Aim of the task.
Which lines below mention "sale"? Pick each one out.

Exercise data.
┌────────
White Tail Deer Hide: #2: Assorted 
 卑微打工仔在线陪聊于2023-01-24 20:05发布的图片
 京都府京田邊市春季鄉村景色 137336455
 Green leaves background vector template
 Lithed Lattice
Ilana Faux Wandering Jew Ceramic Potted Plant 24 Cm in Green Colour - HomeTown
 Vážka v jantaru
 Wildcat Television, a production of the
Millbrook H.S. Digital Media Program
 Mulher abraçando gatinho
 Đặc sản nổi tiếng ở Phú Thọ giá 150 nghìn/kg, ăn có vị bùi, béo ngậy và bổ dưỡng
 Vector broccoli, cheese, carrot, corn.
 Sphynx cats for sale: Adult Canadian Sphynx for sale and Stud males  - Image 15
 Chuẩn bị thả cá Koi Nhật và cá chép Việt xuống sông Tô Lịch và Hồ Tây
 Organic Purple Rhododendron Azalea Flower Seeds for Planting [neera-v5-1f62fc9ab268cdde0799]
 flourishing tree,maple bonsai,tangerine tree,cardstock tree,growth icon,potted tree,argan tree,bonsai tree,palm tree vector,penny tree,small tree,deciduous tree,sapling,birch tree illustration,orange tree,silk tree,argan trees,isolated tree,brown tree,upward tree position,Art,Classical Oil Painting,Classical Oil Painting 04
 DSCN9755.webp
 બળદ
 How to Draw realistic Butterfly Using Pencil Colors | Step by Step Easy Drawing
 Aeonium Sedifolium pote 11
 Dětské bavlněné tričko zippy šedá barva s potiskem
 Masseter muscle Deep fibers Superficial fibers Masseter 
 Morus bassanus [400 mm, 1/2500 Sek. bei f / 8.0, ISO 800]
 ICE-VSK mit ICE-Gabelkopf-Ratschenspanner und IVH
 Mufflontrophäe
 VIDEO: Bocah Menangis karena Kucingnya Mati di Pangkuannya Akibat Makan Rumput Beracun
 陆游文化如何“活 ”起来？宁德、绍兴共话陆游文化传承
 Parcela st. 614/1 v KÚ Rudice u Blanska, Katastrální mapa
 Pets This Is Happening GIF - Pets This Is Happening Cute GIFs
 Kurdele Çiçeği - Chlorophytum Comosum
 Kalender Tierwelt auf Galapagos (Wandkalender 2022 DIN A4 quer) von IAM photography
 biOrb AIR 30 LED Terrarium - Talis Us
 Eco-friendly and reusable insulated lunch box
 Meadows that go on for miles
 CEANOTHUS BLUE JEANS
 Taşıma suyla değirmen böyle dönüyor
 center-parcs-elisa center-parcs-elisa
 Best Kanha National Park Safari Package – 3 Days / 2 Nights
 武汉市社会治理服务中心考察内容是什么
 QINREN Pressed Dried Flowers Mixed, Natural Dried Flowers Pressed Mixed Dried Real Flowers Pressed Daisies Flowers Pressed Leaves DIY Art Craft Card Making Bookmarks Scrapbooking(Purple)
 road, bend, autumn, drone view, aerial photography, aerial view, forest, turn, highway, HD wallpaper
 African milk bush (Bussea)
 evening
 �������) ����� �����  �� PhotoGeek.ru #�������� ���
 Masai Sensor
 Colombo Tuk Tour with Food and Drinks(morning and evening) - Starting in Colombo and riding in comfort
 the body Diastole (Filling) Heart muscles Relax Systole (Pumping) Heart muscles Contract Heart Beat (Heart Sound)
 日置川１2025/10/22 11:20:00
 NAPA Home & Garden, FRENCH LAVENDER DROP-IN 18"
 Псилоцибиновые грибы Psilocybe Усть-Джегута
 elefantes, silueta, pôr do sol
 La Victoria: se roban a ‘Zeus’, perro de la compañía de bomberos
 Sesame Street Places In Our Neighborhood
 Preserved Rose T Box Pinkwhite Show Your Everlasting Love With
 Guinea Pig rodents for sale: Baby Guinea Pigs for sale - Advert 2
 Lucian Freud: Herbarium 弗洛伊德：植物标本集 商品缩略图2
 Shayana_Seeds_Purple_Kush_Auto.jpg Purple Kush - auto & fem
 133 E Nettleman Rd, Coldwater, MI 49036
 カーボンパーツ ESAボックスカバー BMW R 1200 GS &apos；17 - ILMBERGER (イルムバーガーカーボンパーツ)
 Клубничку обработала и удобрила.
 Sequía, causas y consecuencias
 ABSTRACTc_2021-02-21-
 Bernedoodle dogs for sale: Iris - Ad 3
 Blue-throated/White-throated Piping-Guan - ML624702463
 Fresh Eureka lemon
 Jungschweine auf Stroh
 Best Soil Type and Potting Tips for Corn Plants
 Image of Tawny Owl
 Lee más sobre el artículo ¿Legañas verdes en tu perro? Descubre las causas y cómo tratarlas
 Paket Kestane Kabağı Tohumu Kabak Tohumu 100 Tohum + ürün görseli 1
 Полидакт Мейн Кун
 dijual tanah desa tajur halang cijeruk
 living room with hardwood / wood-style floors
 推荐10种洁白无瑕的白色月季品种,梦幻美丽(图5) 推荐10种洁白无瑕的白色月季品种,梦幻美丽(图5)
└────────
Result.
 Sphynx cats for sale: Adult Canadian Sphynx for sale and Stud males  - Image 15
 Guinea Pig rodents for sale: Baby Guinea Pigs for sale - Advert 2
 Bernedoodle dogs for sale: Iris - Ad 3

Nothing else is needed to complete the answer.